Would you print, word for word, only the lines running from the line with "Wohnung zum Kauf" to the last line of the entries, without the pictures?
** Dataset content follows **
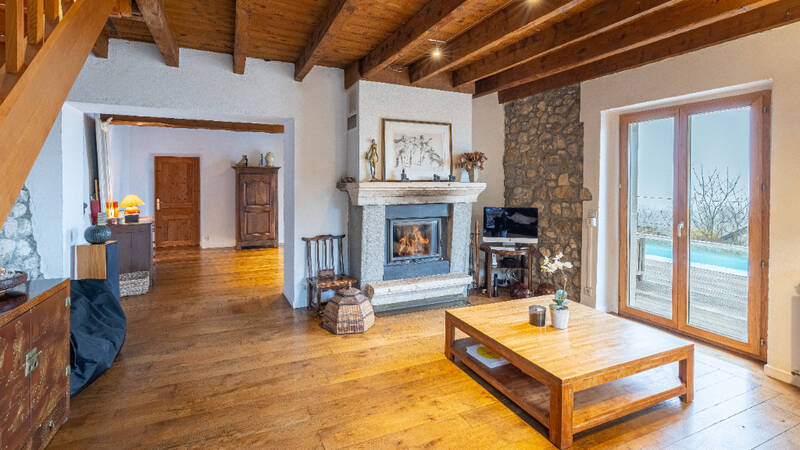 Comparet immobilier 48740892c - Attribut alt par défaut.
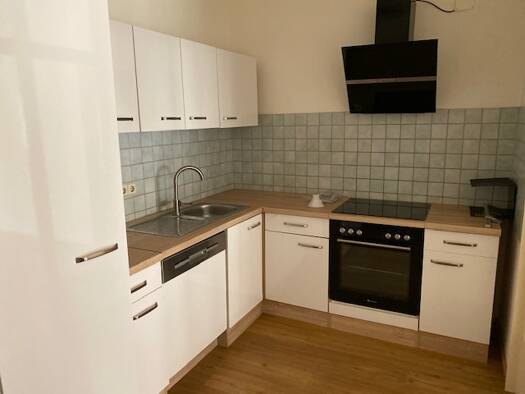 Wohnung zum Kauf 173.300 € 3 Zimmer 82 m² Kalvariengürtel 55 Lend Graz 8020
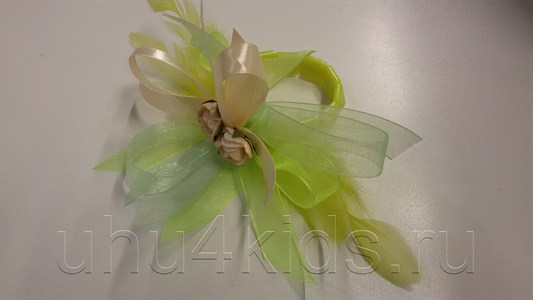 ������� � ������� 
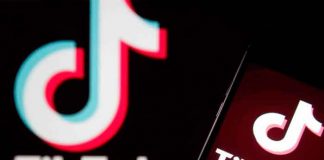 Descubre que tiene cáncer gracias a sus seguidores de TikTok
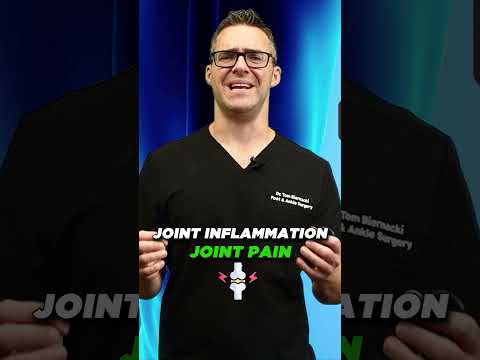 How To Go To Sleep FAST Proven Sleep TIPS Why can t I sleep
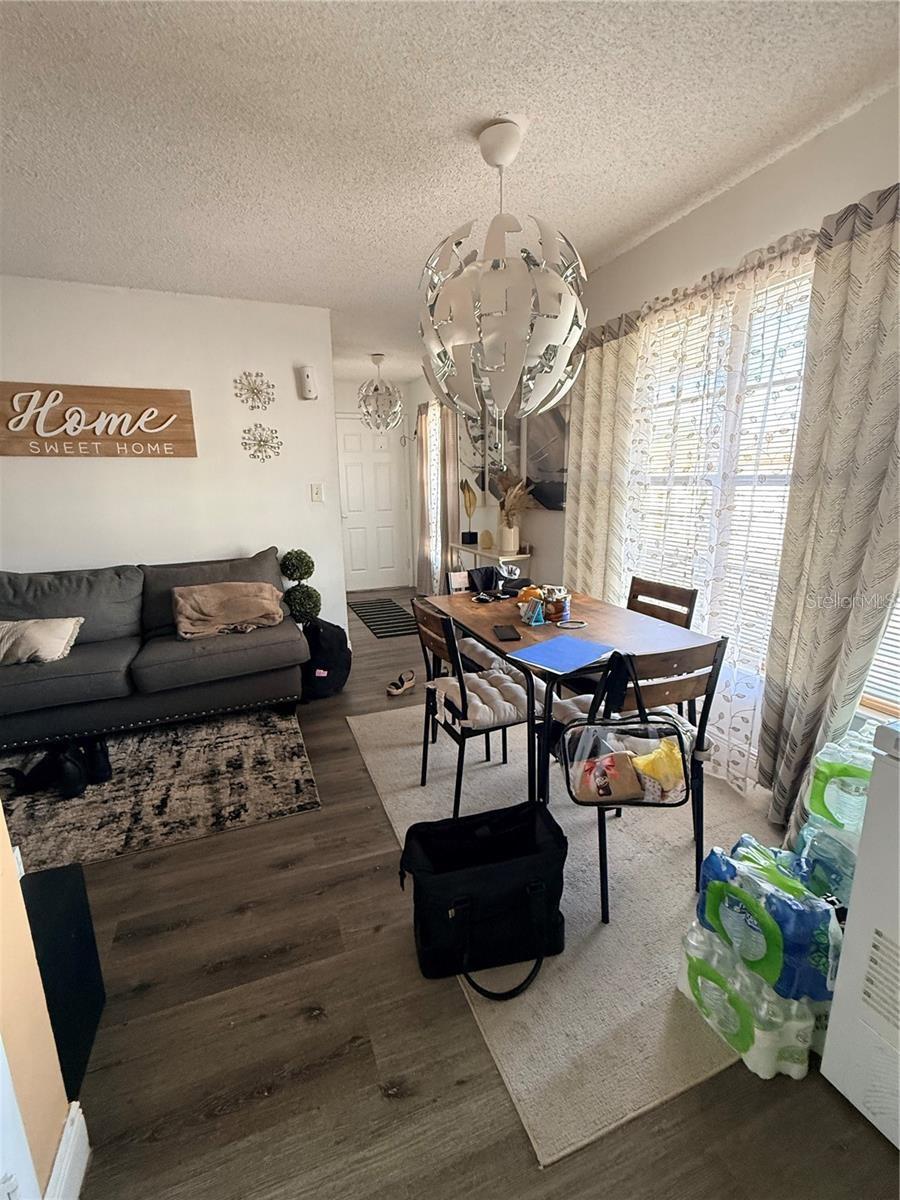 1805 Michigan Avenue, FL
** End of Dataset content **
▸ **The completed task**:
 Wohnung zum Kauf 173.300 € 3 Zimmer 82 m² Kalvariengürtel 55 Lend Graz 8020
 ������� � ������� 
 Descubre que tiene cáncer gracias a sus seguidores de TikTok
 How To Go To Sleep FAST Proven Sleep TIPS Why can t I sleep
 1805 Michigan Avenue, FL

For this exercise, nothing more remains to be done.